Source data
* * * *
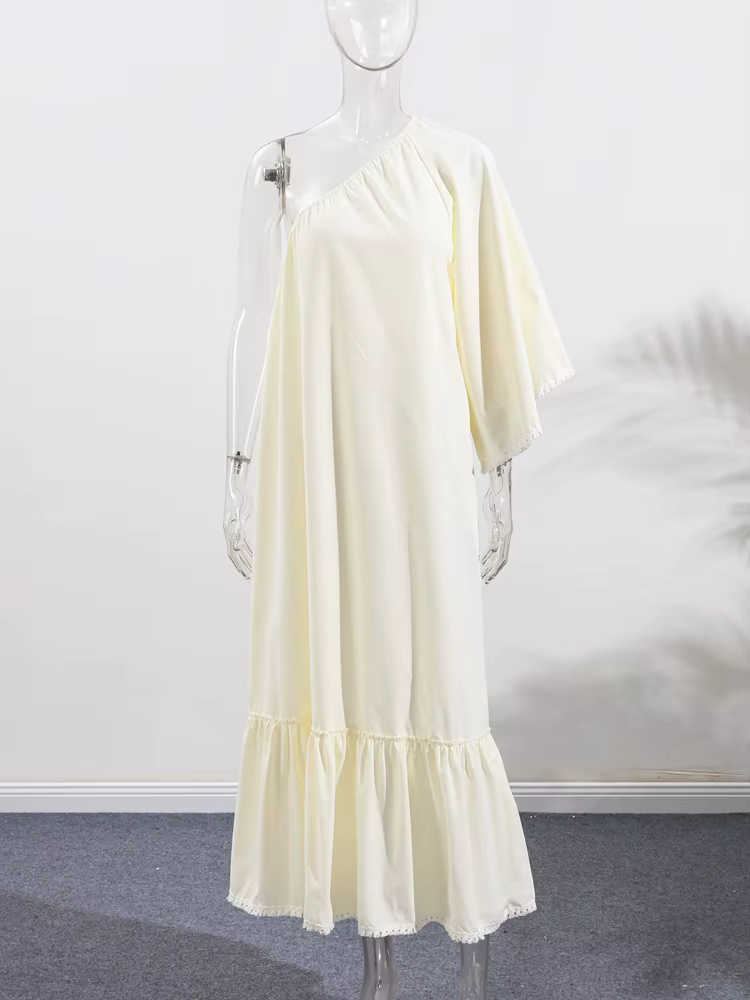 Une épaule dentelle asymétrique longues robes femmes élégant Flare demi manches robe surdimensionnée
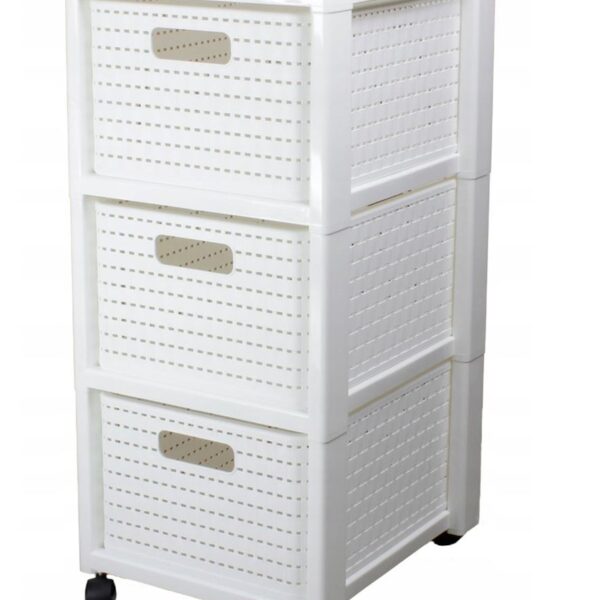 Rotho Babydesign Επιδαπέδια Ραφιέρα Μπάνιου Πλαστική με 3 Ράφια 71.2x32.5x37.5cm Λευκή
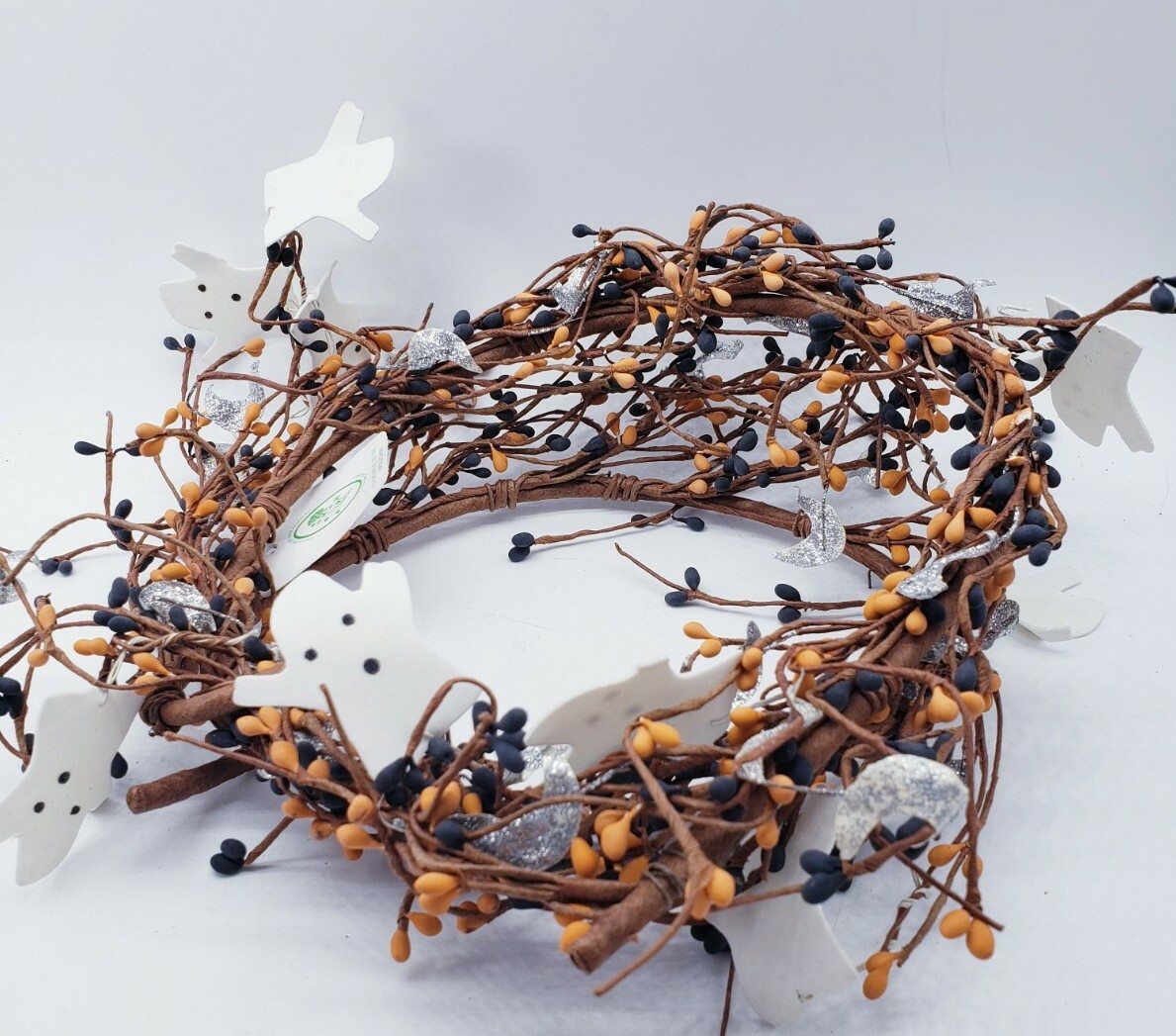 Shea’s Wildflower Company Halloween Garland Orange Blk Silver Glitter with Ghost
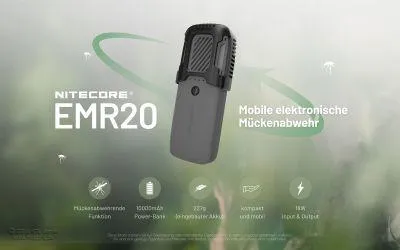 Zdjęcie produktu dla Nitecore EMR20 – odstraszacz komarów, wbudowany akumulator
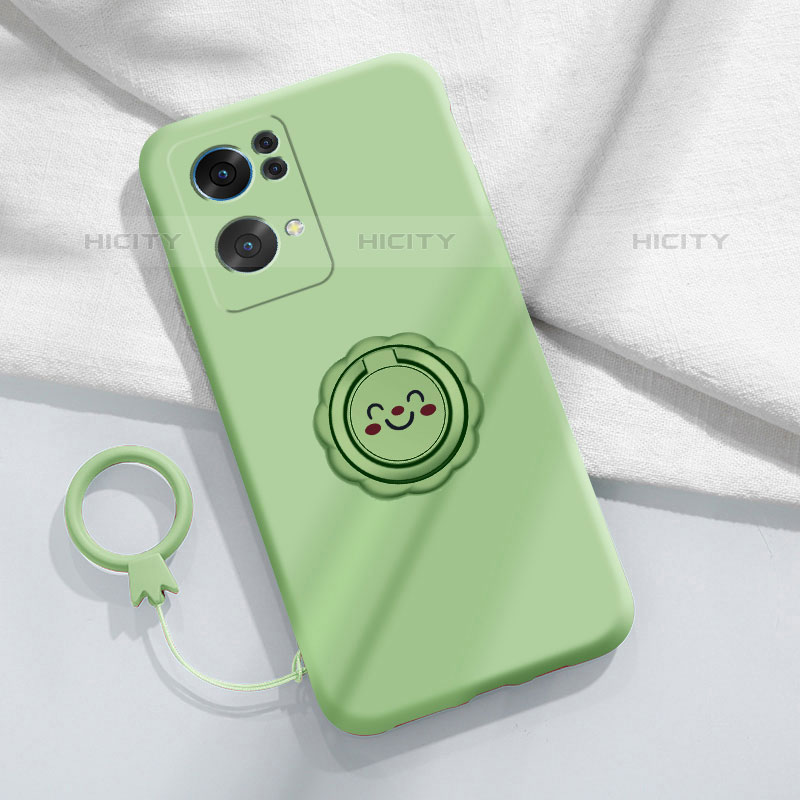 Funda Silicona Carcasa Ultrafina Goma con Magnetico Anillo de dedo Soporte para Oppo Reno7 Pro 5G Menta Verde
* * * *
» Exercise: Your answer must be the lines from the one holding "Zdjęcie produktu dla" through the final line of the records above, exactly as written and without any pictures.

» Exercise output:
 Zdjęcie produktu dla Nitecore EMR20 – odstraszacz komarów, wbudowany akumulator
 Funda Silicona Carcasa Ultrafina Goma con Magnetico Anillo de dedo Soporte para Oppo Reno7 Pro 5G Menta Verde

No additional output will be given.